The plaintiff replied in denial. The issues were tried by the court who found for the plaintiff $141.90, overruled the defendants’ motion for a new trial, and rendered judgment for the plaintiff on the finding. The defendants appealed. They assign as error the overruling of the motion for a new trial.

The reasons for a new trial are:

1st. That the court erred in refusing to permit the defendants to prove the usage and custom of Baptist churches in the creation of debts or liabilities against them as corporate bodies, to wit, that the trustees and deacons of said churches had no authority to contract and bind the church for a debt without first submitting the same to a vote of the church.

There was no error in excluding such testimony. The debt here was not created by any action of the trustees. It existed long before the written acknowledgment of it by the trustees, for salary due the preacher in his lifetime. It *468had already been proved to be due, and, besides, the powers of such trustees are given by statute, R. S. 1881, sections 3826 to 3828, and customs and usages in conflict with plain, well established rules of law can not be upheld. Cox v. O’Riley, 4 Ind. 368; Biddle v. Reed, 33 Ind. 529.
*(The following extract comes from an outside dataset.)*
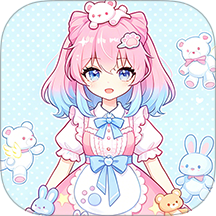 青春少女记游戏 v1.0.3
The second, third and fourth reasons for a new trial are that the finding was contrary to law, and was not sustained by sufficient evidence, and was contrary to the evidence.

But there was evidence tending to show that there was due the pastor for back salary $200; that he proposed to forgive the church the debt if they would pay Mrs. Folden $50; and that they never paid the $50; and there was some testimony that they never accepted the offer, or acted upon it at all. There being evidence tending to sustain the finding, we can not say the finding was contrary to the evidence, or was not sustained by sufficient evidence. Cooper v. Robertson, 87 Ind. 222.

The'fifth reason for a new trial is that the court erred in permitting the plaintiff, over defendants’ objections, to prove that the parties holding the meeting of September 4th, 18S2, were the authorized trustees of the Liberty Baptist Church, and also the proof of what was done at the meeting, without exhibiting the record, showing the appointment of the parties as trustees.”

But the bill of exceptions shows that all the testimony here referred to was introduced without objection, and that after cross-examining the witnesses who gave the testimony, the defendants moved the court to strike out all the testimony offered by the plaintiffs, as to what was done and said at the deacons’ and trustees’ meeting held in September, 1882, for the reason that Liberty Church is a corporation, and as such corporation could only speak from its records,” which motion was overruled, to which the defendants excepted.

The fifth reason for a new trial does not correspond with the bill of exceptions, and the proof showed that there was no record kept of the meeting in September, 1882; and it is *469not true that a corporation can speak only by its record, either as to the creation or acknowledgment of liabilities upon contract.

Filed Feb. 22, 1884.

We find no error in the record. The judgment ought to be affirmed.

Per Curiam. — It is therefore ordered, on the foregoing opinion, that the judgment of the court below be and the same is hereby in all things affirmed, at the costs of the appellants.